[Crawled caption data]
*-*-*

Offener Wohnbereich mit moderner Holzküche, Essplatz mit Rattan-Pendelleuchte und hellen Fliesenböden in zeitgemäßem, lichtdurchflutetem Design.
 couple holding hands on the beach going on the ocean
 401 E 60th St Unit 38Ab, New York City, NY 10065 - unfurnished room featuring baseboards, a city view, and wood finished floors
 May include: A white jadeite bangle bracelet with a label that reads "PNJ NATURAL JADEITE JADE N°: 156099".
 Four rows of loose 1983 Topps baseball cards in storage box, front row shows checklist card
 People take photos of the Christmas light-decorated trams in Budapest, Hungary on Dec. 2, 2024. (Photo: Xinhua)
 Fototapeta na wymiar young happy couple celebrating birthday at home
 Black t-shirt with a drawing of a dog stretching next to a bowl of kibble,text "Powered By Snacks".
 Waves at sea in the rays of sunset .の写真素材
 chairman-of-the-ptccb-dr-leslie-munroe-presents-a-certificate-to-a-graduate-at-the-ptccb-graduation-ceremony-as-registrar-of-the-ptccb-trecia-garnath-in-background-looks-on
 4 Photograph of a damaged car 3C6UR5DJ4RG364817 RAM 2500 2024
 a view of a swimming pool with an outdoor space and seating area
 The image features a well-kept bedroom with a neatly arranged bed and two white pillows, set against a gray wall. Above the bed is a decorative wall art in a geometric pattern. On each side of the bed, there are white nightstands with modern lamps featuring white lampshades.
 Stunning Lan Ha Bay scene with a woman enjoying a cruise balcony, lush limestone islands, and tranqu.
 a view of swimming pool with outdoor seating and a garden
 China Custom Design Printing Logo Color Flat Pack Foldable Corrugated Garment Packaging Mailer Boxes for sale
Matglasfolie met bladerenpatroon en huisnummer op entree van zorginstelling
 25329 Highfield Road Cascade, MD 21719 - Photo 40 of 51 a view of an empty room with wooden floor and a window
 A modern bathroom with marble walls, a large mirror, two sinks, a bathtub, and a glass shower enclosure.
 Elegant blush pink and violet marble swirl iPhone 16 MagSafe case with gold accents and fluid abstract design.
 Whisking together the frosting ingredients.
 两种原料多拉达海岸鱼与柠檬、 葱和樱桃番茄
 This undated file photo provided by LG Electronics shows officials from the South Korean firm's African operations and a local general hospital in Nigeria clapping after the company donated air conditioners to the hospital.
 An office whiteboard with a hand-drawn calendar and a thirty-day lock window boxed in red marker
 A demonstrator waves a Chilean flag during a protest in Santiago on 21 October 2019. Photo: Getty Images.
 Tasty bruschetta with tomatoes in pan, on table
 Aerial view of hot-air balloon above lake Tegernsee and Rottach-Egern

*-*-*

» Exercise instructions
Find the word "marble" in the entries, then copy out every line that has it.

» Solution to the problem
 A modern bathroom with marble walls, a large mirror, two sinks, a bathtub, and a glass shower enclosure.
 Elegant blush pink and violet marble swirl iPhone 16 MagSafe case with gold accents and fluid abstract design.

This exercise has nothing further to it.